**RECORDED DATA:**
* * *

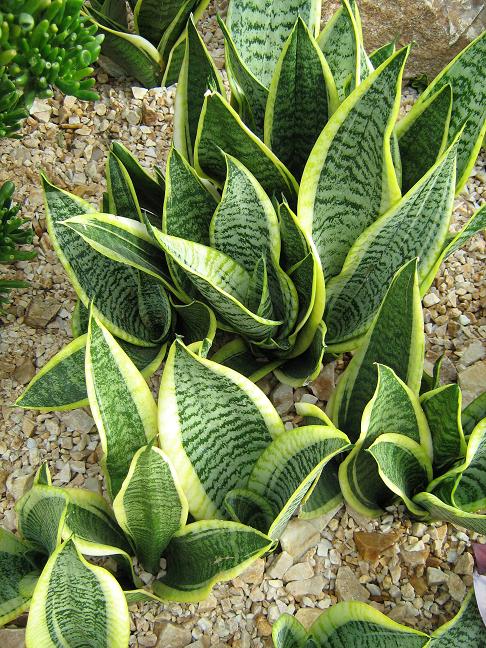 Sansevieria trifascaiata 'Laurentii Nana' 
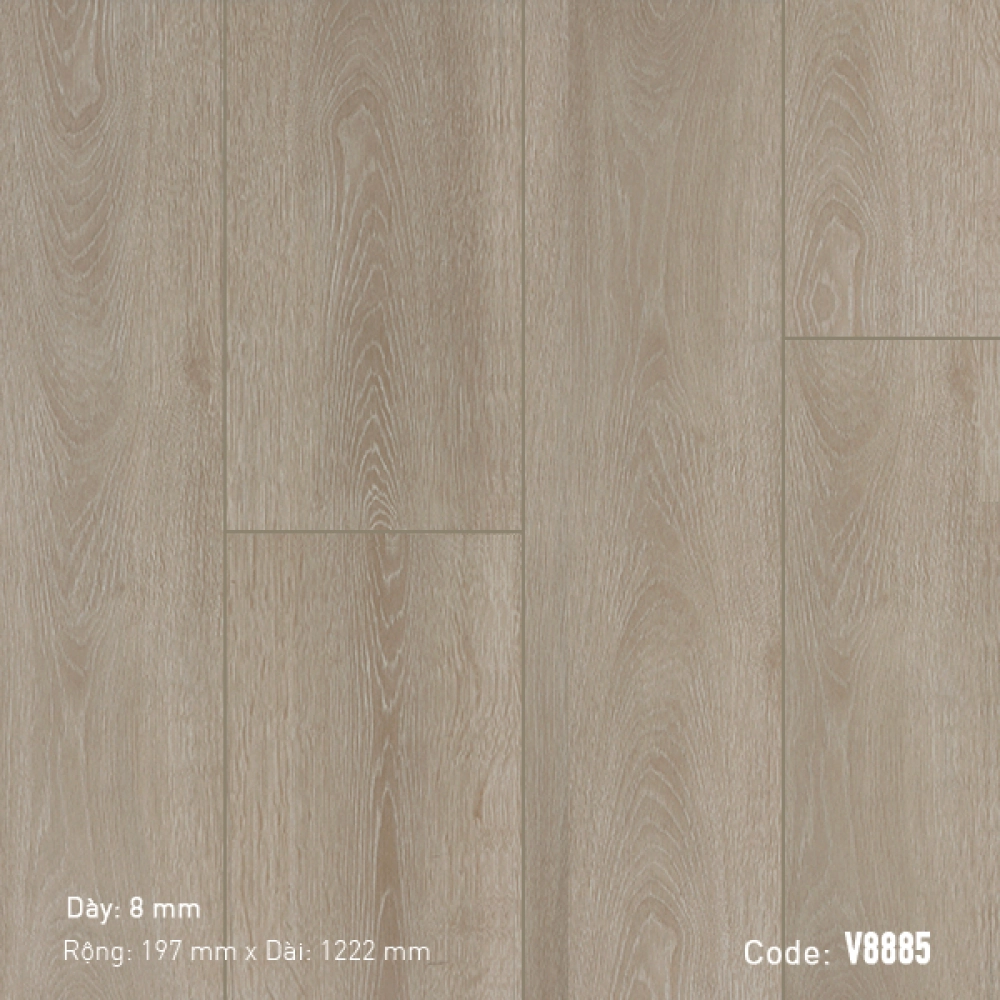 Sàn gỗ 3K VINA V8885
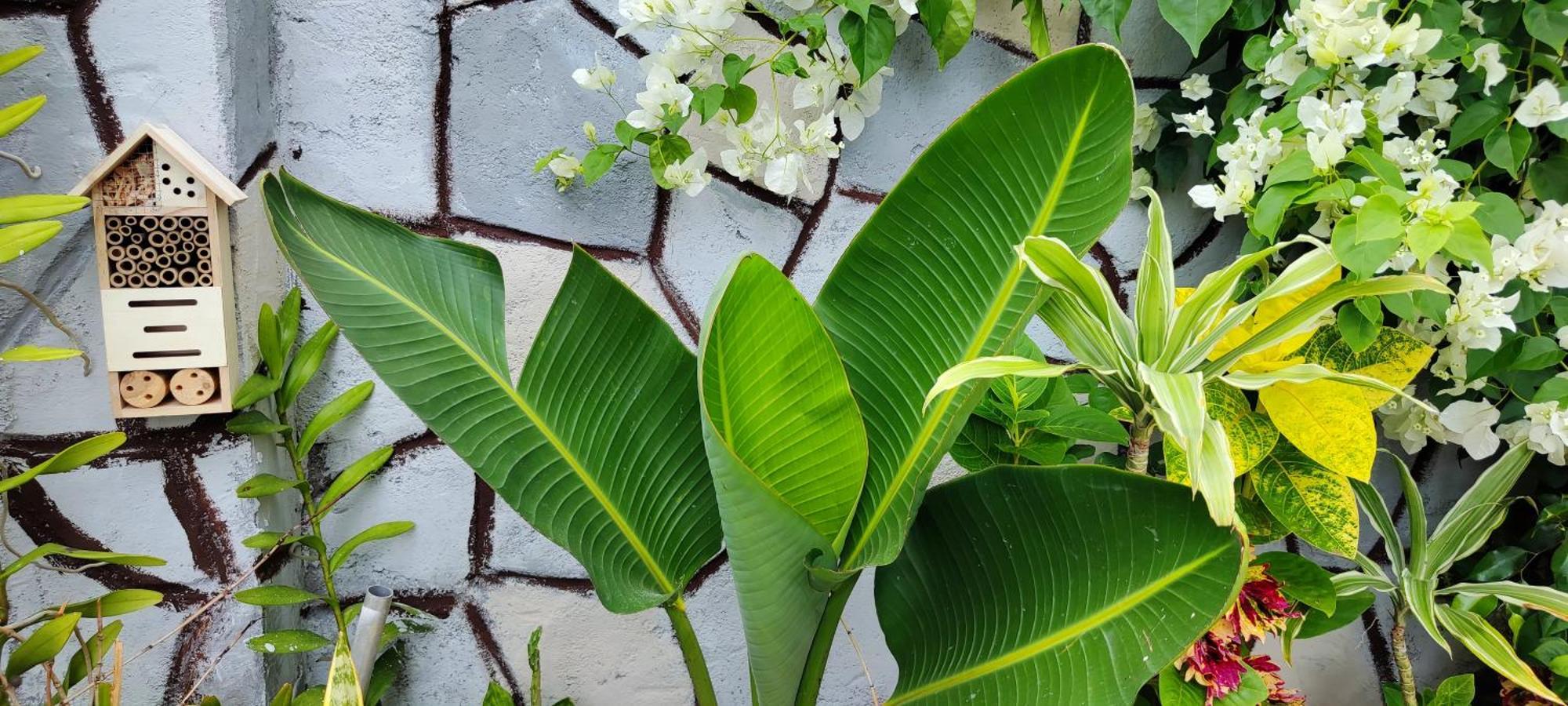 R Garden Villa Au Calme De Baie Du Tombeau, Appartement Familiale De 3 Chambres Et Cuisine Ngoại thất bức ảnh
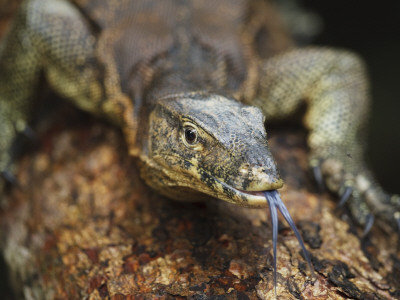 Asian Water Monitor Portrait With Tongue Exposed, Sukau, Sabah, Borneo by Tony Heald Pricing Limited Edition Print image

* * *

Omit the pictures, then output the rest of the listing exactly.

**THE COMPLETED TASK:**
 Sansevieria trifascaiata 'Laurentii Nana' 
 Sàn gỗ 3K VINA V8885
 R Garden Villa Au Calme De Baie Du Tombeau, Appartement Familiale De 3 Chambres Et Cuisine Ngoại thất bức ảnh
 Asian Water Monitor Portrait With Tongue Exposed, Sukau, Sabah, Borneo by Tony Heald Pricing Limited Edition Print image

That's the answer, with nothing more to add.